**To do**
I'd like the data beneath this line reproduced exactly, without any of its images.

**Records for processing**
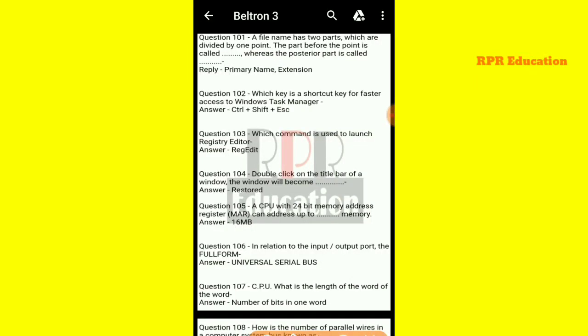Hey guys, welcome back to RPR Education. Today we are going to do the third segment of the Beltran D.O.K. Practice Set. Let's get started.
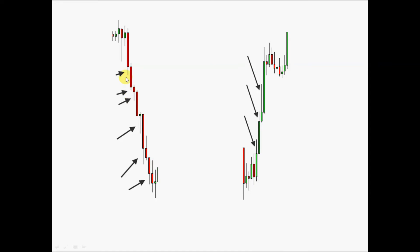In a strong downtrend, wicks on bar lows as price moves down represent demand consumption, paving the way for price to move lower. Vice versa on the way up — wicks at bar highs represent supply consumption, paving the way for price to move higher. We can also see consumption in the way price moves into an SR or SD zone, where I focus on the bar movements rather than the wicks.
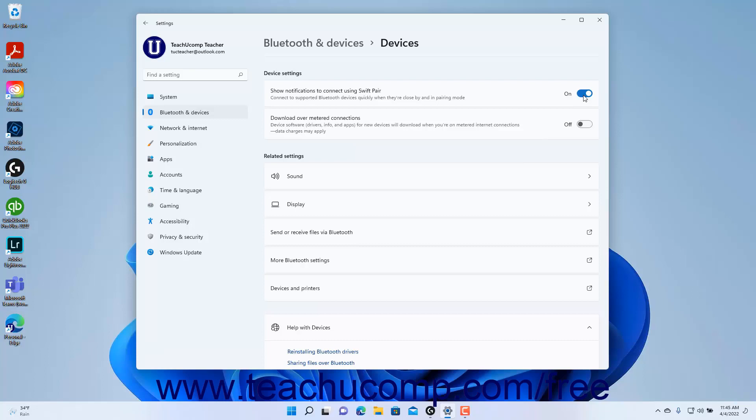To download device software over metered connections in Windows 11 if desired, click the Download over-metered connections toggle switch to set it to the On position. However, if this setting is enabled, note that data charges and data usage may apply depending on your data usage plan.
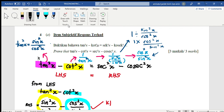First you have to determine the right-hand side and the left-hand side. Which one do you want to start the problem with? For example, we start from the left-hand side, and lastly my answer will be equal to the right-hand side. That's how I approach this question.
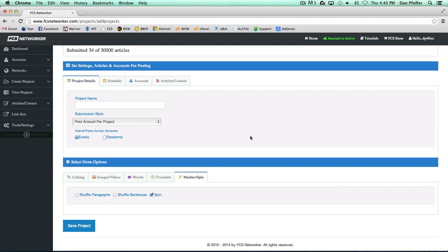After your article goes through the linking, images, videos, blurbs and all that, it'll do these processes and make your article a bit more unique without you having to do the work beforehand. And so that's all there is to those two options.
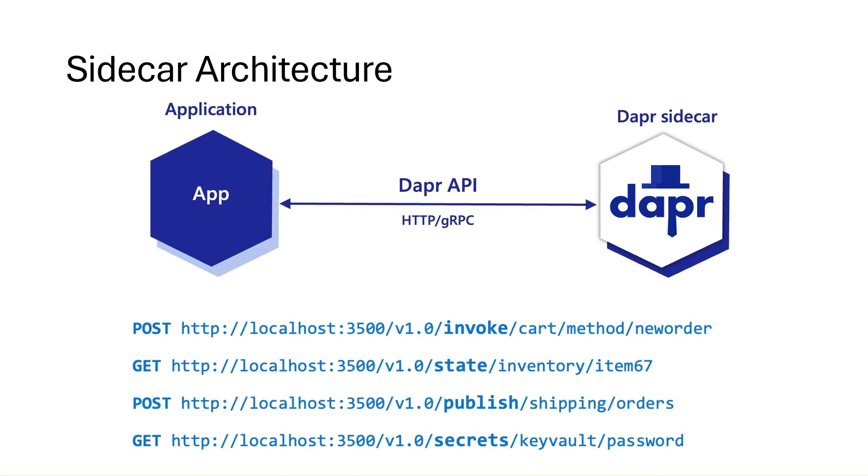This means that within our applications, we don't need to include any Dapr runtime code, making it easier to integrate Dapr into our application, as well as providing separations of duties of the application logic for improved supportability.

**Solution to this exercise**
Hey guys, welcome back to RPR Education. Today we are going to do the third segment of the Beltran D.O.K. Practice Set. Let's get started.
In a strong downtrend, wicks on bar lows as price moves down represent demand consumption, paving the way for price to move lower. Vice versa on the way up — wicks at bar highs represent supply consumption, paving the way for price to move higher. We can also see consumption in the way price moves into an SR or SD zone, where I focus on the bar movements rather than the wicks.
To download device software over metered connections in Windows 11 if desired, click the Download over-metered connections toggle switch to set it to the On position. However, if this setting is enabled, note that data charges and data usage may apply depending on your data usage plan.
First you have to determine the right-hand side and the left-hand side. Which one do you want to start the problem with? For example, we start from the left-hand side, and lastly my answer will be equal to the right-hand side. That's how I approach this question.
After your article goes through the linking, images, videos, blurbs and all that, it'll do these processes and make your article a bit more unique without you having to do the work beforehand. And so that's all there is to those two options.
This means that within our applications, we don't need to include any Dapr runtime code, making it easier to integrate Dapr into our application, as well as providing separations of duties of the application logic for improved supportability.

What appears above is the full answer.